The treasures that carried them through were developed after Cowman’s death into the classic devotional book Streams in the Desert, which has given inspiration to people all over the world for the last 50 years.

I personally have found God in my life in many ways:

• something I read (in the Bible, yes, but other places too)

• music I heard (Christian music, yes, but other music too)

• a conversation with a friend

• finding a lost item that I needed

• a quick and startling answer to prayer

• a reminder of something I had forgotten

God has promised that He can be found and even, on some levels, understood all around us in creation. That is not to say that God is, in some way, the same as nature, it is simply to say that creation reflects the creator. I personally am moved by the complexity of God’s imagination in the flight of birds, mammals and bugs. There are hundreds of ways that animals naturally fly, and, as smart and inventive as we are, we can’t do it without major economic and engineering help. God’s conception of natural movement is reflected in His creation of so many ways for animals to fly.

This week, look for God in unexpected places:

We have given you a note paper. Take it with you this week in your purse or in your pocket. Intentionally and regularly look for something in your surroundings that reminds you of

• God’s presence

• His power

• His love

• His beauty

• His justice

Or anything else that God chooses to call to your attention. These intrusions of God into your daily life we sometimes call "God sightings". Find not just one thing but multiple things and make notes of them on your note paper.
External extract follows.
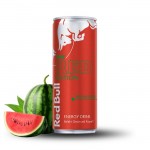 Red Bull Red Edition 250 ml x 24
Especially, I encourage you to include prayer in this process. If you pray for something specific, look to see how God is answering you. It may not be the exact thing you asked for, but it will be the exact thing He wants for you. Write down answers to prayer as well as random God sightings.

Bring the paper with you next week and we will post your God sightings in the sanctuary. Share with your friends the many ways God revealed Himself to you.

This is not just a one week exercise. It is meant to raise your awareness of God in your world and in your life. Start this week, but make it a devotional habit to find God in ways that you would not normally expect to see Him.

He is there in ways you recognize and in ways you don’t

Strengthen your belief by looking for His appearances in your life

He is there, all around you ... all the time

Look for Him.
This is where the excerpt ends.